Eine schiefe Optik – Bürgermeister und Vater schenkt an Sohn und kurze Zeit später wird wertsteigernd umgewidmet – sieht Erwin Angerer nicht. "Jeder kann eine Umwidmung beantragen, auch mein Sohn", sagt er. "Ich halte es für extrem bedenklich, wie hier ein freiheitlicher Politiker, aber vor allem mein Sohn, beschmutzt wird."
Grünes Licht aus Wien
Natürlich sei mit der Umwidmung der Wert der Grundstücke gesteigert worden.
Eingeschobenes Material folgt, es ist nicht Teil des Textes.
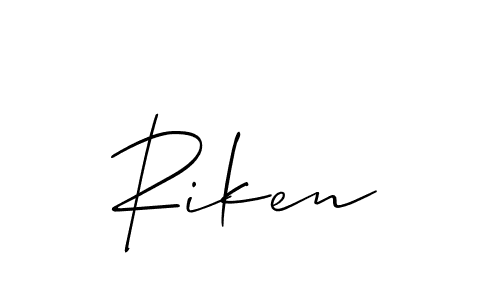 Make a beautiful signature design for name Riken. With this signature (Allison_Script) style, you can create a handwritten signature for free. Riken signature style 2 images and pictures png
Aber sein Sohn investiere ja auch in die Erschließung der Fläche und er bezahle 30 Prozent Steuern, so Angerer. Er selbst habe bei allen Beschlüssen selbstverständlich nicht mitgestimmt, sondern vor jeder Abstimmung die Sitzungen verlassen, so Angerer: "Alle Beschlüsse waren einstimmig."
Im Dezember 2017 drohte dem "Freizeitgelände" dennoch das Aus. Die Umweltstelle des Landes legte gegen die von der Raumordnung mit Auflagen durchgewunkene Umwidmung ihr Veto ein. Begründung: Durch die nahe Druckrohrleitung des Verbund-Kraftwerkes Reißeck II drohen "unzumutbare Umweltbelastungen". Nachdem im April 2019 das Tourismusministerium keine gesundheitlichen Bedenken hatte, gab das Land Kärnten grünes Licht: 2230 von 6000 Quadratmeter wurden umgewidmet.
"Nicht ausreichend beachtet"
Während Erwin Angerer betont, "dass zahlreiche Behörden und Sachverständige diese Umwidmung für in Ordnung befunden haben", hakt Arneitz genau hier ein: "Die von der ins Tal führenden Druckrohrleitung des Kraftwerkes des Verbundes ausgehenden Vibrationen und Schallimmissionen stehen meiner Ansicht nach einer touristischen Widmung der Flächen ebenfalls entgegen. Diese Aspekte wurden im Rahmen der Beschlussfassung des Gemeinderates zur Umwidmung von Grünland in begehrte Sonderwidmung Freizeitwohnsitz nicht ausreichend beachtet."
Wer letztlich recht behält, wird also wohl ein Höchstgericht entscheiden müssen.